London-based artist Erin Aniker was raised by an activist mother, is part of a female and non-binary led creative collective and was influenced by feminist theory at university. It is perhaps unsurprising then, that her bold and colourful illustrations often depict the faces, hands, relationships, nose rings and nail varnish of women. Ahead of International Women’s Day (Friday 8 March), she speaks to us about her feminist upbringing and her obsession with cobalt blue.
Words: Hannah Clugston
You have discussed going on protests with your mother when you were young, how do you continue her legacy of protest? I still go to protest marches. I am also part of a collective called We are Here UK, which is a group of women and non-binary black and Asian minority ethnic artists across all disciplines. We started it after the EU referendum because there was a spike in anti-immigration rhetoric and I think a few of us felt quite angry about it. I suggested we do an event or an exhibition where we explore what it means for us to be British and from another background as well. For me, I can be British and Turkish – they are not mutually exclusive identities. I like to think of We are Here UK as a form of activism. Also, in my illustration, if I get asked to do an editorial commission on a group of people, I will make sure that group is inclusive and include as many different types of people as possible. I will not go to the default setting of drawing lots of white middle class men.

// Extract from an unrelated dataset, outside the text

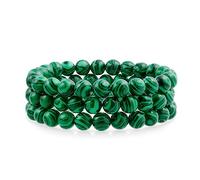 Bling Jewelry Semi Prezioso Verde Sintetico Malachite Rotonda Perlina 8 Millimetri Impilando Braccialetto Stretch Per Le Donne Uomini Teen Unisex Singolo Filo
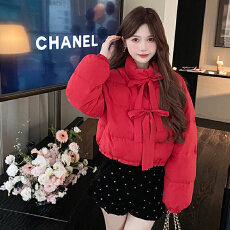 批发蝴蝶带新款白鸭绒<b class='q'>羽绒服</b><b class='q'>女</b>甜美高级感冬季短款小个子加厚外套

Would you call your work feminist? I would. I am proud to call myself a feminist. I don’t make work with the sole intention of it being feminist. I think because I am so passionate about it and I am a feminist, I guess it just comes through in my work. When I create a piece of work, at the end I check it and ask am I conveying the right message?
When did you realise you were a feminist? I think from quite a young age. I feel quite privileged to have had the upbringing that I did because my mum didn’t raise me and my twin brother separately based on our gender. That isn’t necessarily radical or feminist, but I noticed that a lot of my friends didn’t have the same experience. If my brother was out playing in the garden, she’d make sure I went out and climbed trees and did whatever I wanted to as well. And, if we were cooking, she’d make my brother do it too. So, I didn’t see things as gender-based tasks or roles, I saw them as things that everyone did.
So, you were raised a feminist? Yeah, and I would say my brother was raised a feminist as well because gender wasn’t something that affected our childhood from a parenting point of view. They didn’t treat us differently, they didn’t dress us in certain things and they didn’t give us specific toys. I am sure they did certain things that were gendered, but I think compared to a lot of my friends my upbringing was quite feminist.
Were women always a central interest for you in your work then? Definitely. I have automatically been drawn towards drawing women. My mum has always been a key figure in my life and a lot of my friends happen to be women. But, I think that my primary interest is people. I am quite interested in how things like culture affect us – I think being British and Turkish has impacted my work. My dad is a language teacher and speaks five different languages, and I grew up in east London so I am very interested in people and culture because it was something I was raised in. Hands feature quite a lot in my work – sometimes there are just hands and no faces, which removes gender but also reflects how I am really interested in people, community and how we can support each other, which I think is quite important at the moment.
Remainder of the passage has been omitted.